RE:The scene last night.... According to eyewitnesses and assorted gossips who have busily exchanged with IKN this morning, here's the apparent best-fit of what went down between
Daniel Earle of TD Sec and Clive Johnson of B2Gold (BTG) (BTO.to). The 10-20 was the bar at Modus Ristorante, in high falutin' downtown financial district Toronto. Clive Johnson, CEO and head honcho of B2Gold, found himself chatting pleasantly to one of the young and attractive waitresses there after having paid and, significantly, tipped pretty heavily. At some point Daniel Earle, who is by nature a mild mannered and relaxed kind of person, quipped to Clive in what was supposed to be a humourous manner (and I'm going to put this in speech marks even though it might not be the exact quote word for word, because if it wasn't it was darned close),
"You know she's only talking to you because of your wallet."

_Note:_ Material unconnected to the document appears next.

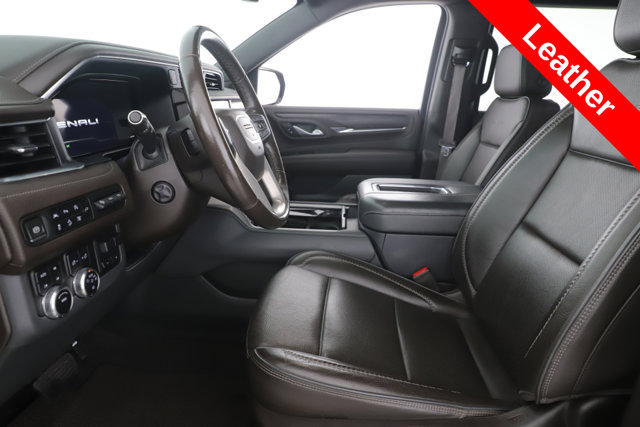 Used 2022 GMC Yukon XL Denali w/ Max Trailering Package AWD/4WD image 17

Clive took this the wrong way and it all went downhill quickly. After replying with "What the f___ did you say?"* the CEO of the multi-billion dollar mining company B2Gold took it upon himself to punch Earle in the face. He then paused and punched him a second time, again in the face.
Daniel Earle then punched Johnson once, in the face, and Clive went down. That was the end of the fight.
The next day Clive was seen marketing in the meeting rooms and by-ways of Toronto with a well-formed black eye and broken glasses.
And that's your lot, except for three footnotes (and one of them really is a footnote).
a) Clive Johnson has been telling others roughly the same story, except for one small detail: he says that Daniel Earle threw the first punch. As we understand Modus has closed-circuit TV cameras and recorded the episode, if things ever come to a more formal head we'll get to find out which version is closest to the truth. For what it's worth and from what I've heard today, the most doubtful version of the story is the one being put forward by CEO Johnson.
b) Clive Johnson has previous form with this kind of behaviour and it tends to be at evening social occasions when...errrr...the wine floweth. Isn't it about time somebody in a position of executive power at BTO took him aside and had a quiet little chat about his habits?
c) And now the foot footnote. By some sort of bizarre coincidence, one of the previous occasions when Clive Johnson went tired and emotional (as they say in Private Eye) was last year at a mining bash, when he almost came to blows with John McCluskey of Alamos Gold. Now McCluskey may not be everybody's cup of tea as a person, but he's also known to be disabled with his leg problem. So maybe if Johnson can't calm down and be a normal person in future, he should at least try picking on somebody with four limbs and make it a fair fight.